The present invention relates to pellicles that are used in the semi-conductor chip industry, and more particularly to a wet die cutter assembly and method usable in connection with the manufacture of pellicles.
In the semi-conductor chip industry it is well known that pattern transfer from the photo mask to substrate is accomplished by directing light from a suitable light source through the mask to the substrate. During the pattern transfer process, also called the photolithographic process, the patterns on the photo mask are projected onto the substrate which has been treated with a photo-sensitive substance. This results in the mask pattern being reproduced on to the substrate.
A manufacturing problem is encountered when foreign substances are present on the surface of the mask. There is a problem because foreign substances on the mask surface will also be reproduced on the substrate and therefore will interfere with proper pattern transfer.
To eliminate contamination of the mask surface, a framed, thin membrane known as a pellicle is mounted on it. The pellicle membrane extends parallel to the mask, and at a predetermined distance spaced away from the mask. Any contamination which would ordinarily land on the mask surface, falls onto the pellicle membrane rather than onto the mask.
Pellicles eliminate the above problem because contamination on the pellicle membrane will not be projected onto the substrate. The frame of the pellicle supports the membrane at a distance spaced away from the mask surface so any particles or other contaminants on the pellicle membrane will be out of focus during pattern transfer.
The use of pellicles can increase the quality of the resulting circuit, thereby dramatically improving circuit fabrication productivity. Consequently, it is no surprise that pellicle manufacturing techniques have become increasingly important because high quality pellicles are critical to the success of the photolithographic process.

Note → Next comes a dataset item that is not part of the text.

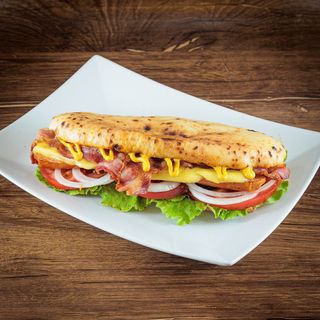 Šiš juneća kobasica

During the pellicle manufacturing process, it is important to minimize the possibility of either relatively large or small contaminant particles being deposited on the pellicle membrane. Relatively large particles are unacceptable because they may be reproduced in the substrate during photolithography even though they are out of focus. Equally unacceptable are particles (whether large or small) that are deposited on the underside of the pellicle membrane or the pellicle frame. Such particles may drop onto the mask surface during photolithography which is precisely what is to be avoided by using pellicles.
It is also critical that the pellicle membrane be extremely uniform across its surface. Membrane uniformity ensures that light passing through the membrane during photolithography will not be obstructed or refracted in any way. The composition of the membrane must be highly uniform, and the membrane must be tensioned evenly across the pellicle frame. Also, it is important to ensure that a continuous seal exists between the relatively thin membrane and the frame.
To further understand these important requirements, it is necessary to provide an explanation of how pellicles are formed.
As is known in the art, forming an optical membrane is the first step in pellicle manufacture. Commonly the membrane is prepared by spinning a suitable polymer, such as nitrocellulose or a nitrocellulose-containing polymer, on a substrate. The newly formed membrane is then removed from the substrate and held under tension, adjacent its periphery, to prepare it for subsequent manufacturing steps.
Next, a frame is fastened or bonded to a working area of the membrane, framing the working area. After fastening, the framed working area is ready to be separated from the remaining area of the membrane.
It is this separating step that is of the utmost importance to high quality pellicle manufacture. For it is during the separating step that the framed working area must be cut away from the remainder of the membrane. Using the assembly and method of the present invention, a surprisingly successful separation is obtained.
Currently, it is known to remove the framed working area by cutting the membrane outward of the frame using a suitable knife, or razor blade. Alternatively, solvent or heat may be used in a conventional process to cut the membrane. The problem with such a procedure is that the initial puncturing of the membrane by the knife causes "shattering" of the membrane in the non-working area which produces contaminant particles that may collect on the frame or working area.
Additionally, the membrane may tear in undesired directions. If the tear proceeds through the bond between the frame and the membrane and into the working area, the pellicle must be rejected because it will not perform its function when the integrity of the working area is damaged.
An even greater problem exists when the tear passes into but not through the bond between the frame and the membrane. Such a tear will vary the tension of the membrane across the working area which will cause microscopic distortion that can affect the uniformity of the membrane. This distortion, which may not be visible to the naked eye, can be catastrophic because it is essential that the pellicle membrane transmit light uniformly without refraction. While equipment is often used to detect membrane distortion, such equipment is expensive and its use can slow down the production process.
Accordingly, it is a general object of the present invention to provide a unique assembly and method for cutting a membrane.
Another object of the invention is to provide a unique assembly and method for promoting shatter-free, tear-free separation of a framed working area from the remainder of a membrane.